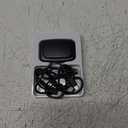 5-in-1 Wireless CarPlay Adapter Support Netflix/ YouTube/ TF, Wireless Android Auto & Carplay Adapter with USB-A/ USB-C Cables, Convert Wired to Wireles Apple Dongle, Magic Video Box Car Play for iPhone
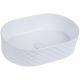 Умывальник Roxen Vine Oval 570240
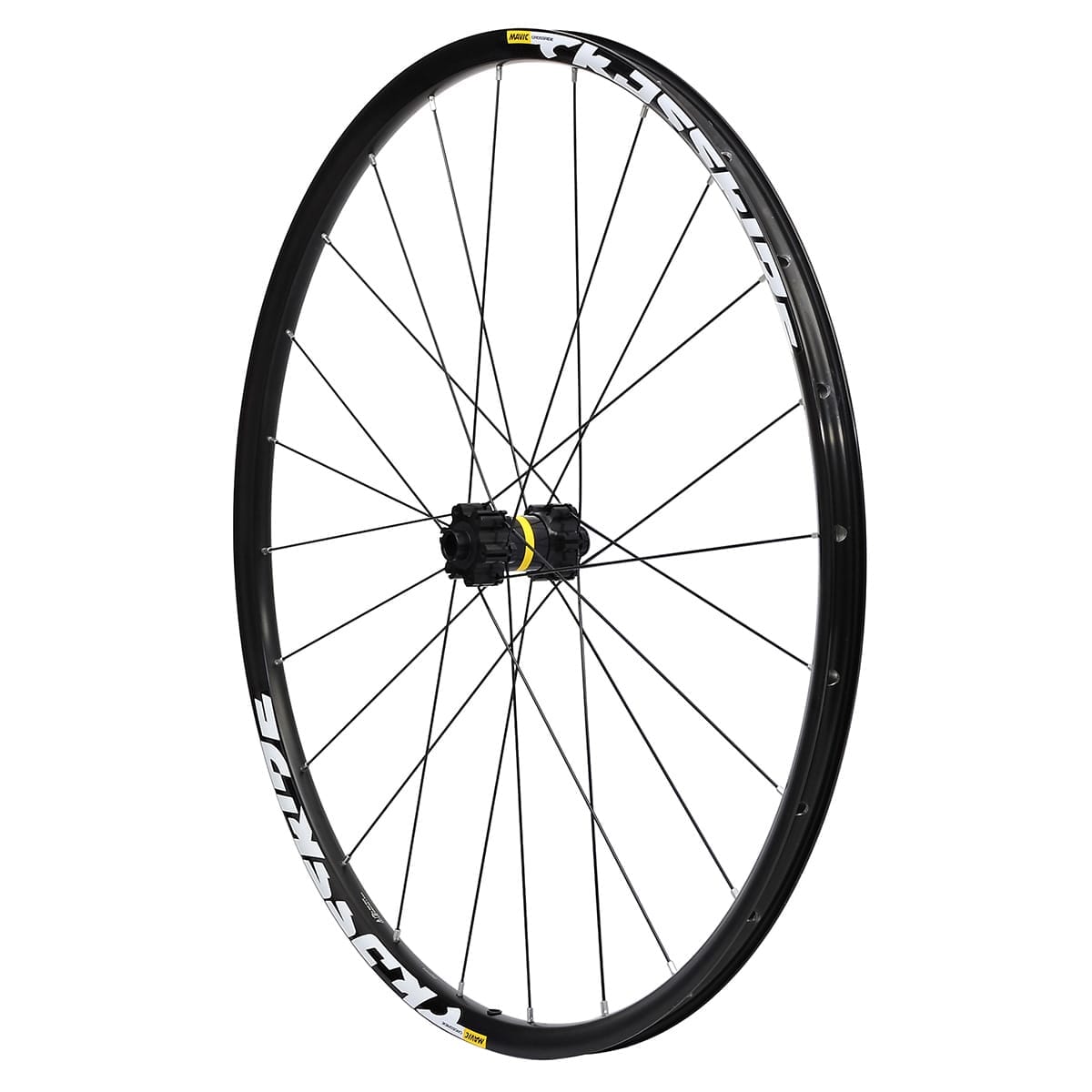 Pari MAVIC CROSSRIDE FTS-X 26" pyörää 9x100mm/9x135mm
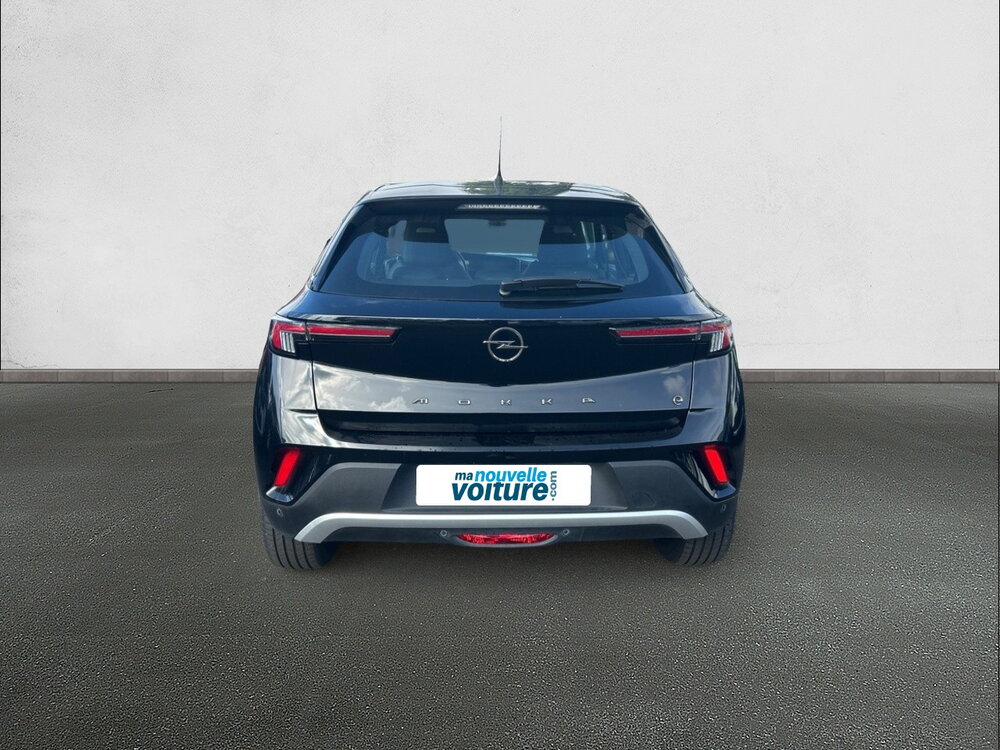 Occasion OPEL Mokka Mokka Electrique 136 ch & Batterie 50 kWh - Elegance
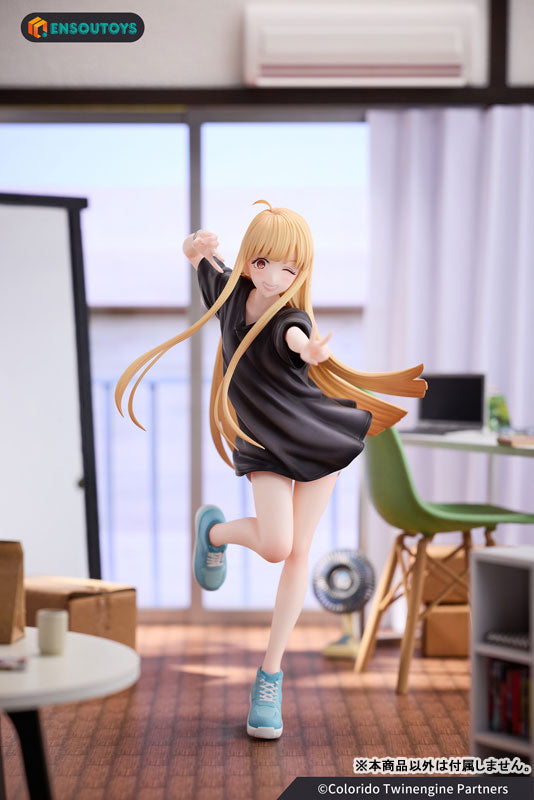PRE ORDER – 1/7 COSMIC PRINCESS KAGUYA! - KAGUYA REALITY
......
**DIRECTIONS FOR THIS TASK:**
Because only the text is wanted, copy each record above precisely and omit its pictures.

**OUTPUT FOR THIS EXERCISE:**
 5-in-1 Wireless CarPlay Adapter Support Netflix/ YouTube/ TF, Wireless Android Auto & Carplay Adapter with USB-A/ USB-C Cables, Convert Wired to Wireles Apple Dongle, Magic Video Box Car Play for iPhone
 Умывальник Roxen Vine Oval 570240
 Pari MAVIC CROSSRIDE FTS-X 26" pyörää 9x100mm/9x135mm
 Occasion OPEL Mokka Mokka Electrique 136 ch & Batterie 50 kWh - Elegance
PRE ORDER – 1/7 COSMIC PRINCESS KAGUYA! - KAGUYA REALITY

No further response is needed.